Conclusion and Follow Up Questions
Yury and Dave thanked Joshua for his wonderful presentation. Joshua then invited questions from the attendees. Dave raised the question of proper terminology. In effect, he asked if the term “in hydro” which he finds many collectors and dealers use to apply to all inclusions, is accurate. Joshua indicated that such a use is confusing. The term “in hydro” is typically used to refer to water inclusions in larger specimens such as agates and geodes. But as his program demonstrated, most of his micro inclusions were not water but rather contained a more complex chemistry.
Additionally, Beth H raised the question of whether, after heating and cooling the crystals as part of the analyses and discovery process, the inclusions returned to the same temperature as before those processes started. “They usually do,” Joshua responded and he provided additional information noting that researchers typically do the heating first, rather than the cooling, which could potentially damage or alter the crystal structures due to possible formation of ice crystals.
Quintin raised the question about the identity of the liquid found in rocks, such as those of the Aris quarries in Namibia, in which fluid, he said, is abundant. Joshua said he was not familiar with those particular Namibian rock formations. Joshua speculated that the Namibia rock fluid may well be similar to the fluid that is often found in geodes. Quintin noted that he believed the water found in such Namibian rock probably had been there from the beginning of the rock formations themselves, rather than from subsequent fractures which were then filled in with fluids.
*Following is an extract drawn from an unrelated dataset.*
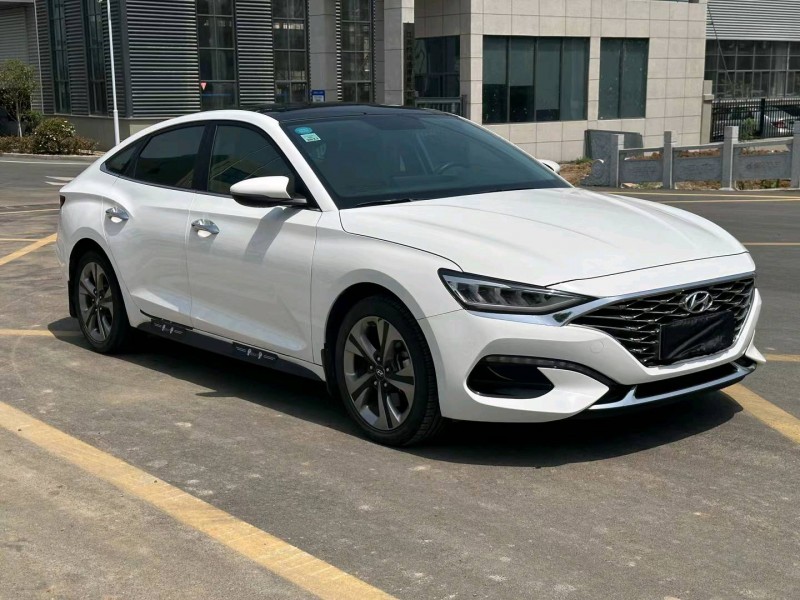 徐州21年现代菲斯塔2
Yury asked for and received a clarification as to the importance of distinguishing between primary and secondary inclusions. Is it mainly for the purpose of determining the timing or when the minerals were formed? Joshua suggested the value of the distinction between primary and secondary inclusions depends on how researchers use that distinction to answer their own questions. Joshua, for example, used the distinction to determine what factors influenced the size of the metal deposits, whether miniscule or hundreds of tons of metals, as explained above. For Joshua’s research, he said he was not interested in what happened to the secondary inclusions after the rock formation and metal deposit had been made. For that reason, he studied the primary inclusions, and the presence or absence of sulfur and methane which were present when the very large quantities of metals were originally deposited.
On the other hand, if a researcher were interested in studying the effects of a tectonic event, then studying the secondary inclusions would become central. Quakes would cause cracking in the mineral crystals and be the occasion of the formation of extensive secondary inclusions.
Jeff told the interesting story of how back in 1980, the U.S. government was searching for a safe place to store its nuclear waste. He was a summer intern and their project examined the mineral inclusions found in the salt dome caverns along the U.S. Gulf coast. When they learned that those inclusions contained tiny amounts of water, and that the water migrated toward heat, that ended the investigation of those extensive salt caverns as a possible storage place for hot nuclear waste.
Kathy and Joshua then told stories of finding various inclusions in Herkimer diamonds and she encouraged everyone to take a second look at their mineral collection with that in mind.
As part of the meeting’s Show and Tell portion, Dave invited attendees to share any minerals they brought to the event. At the end of the evening, he again thanked our presenter and everyone for attending and participating in the October meeting.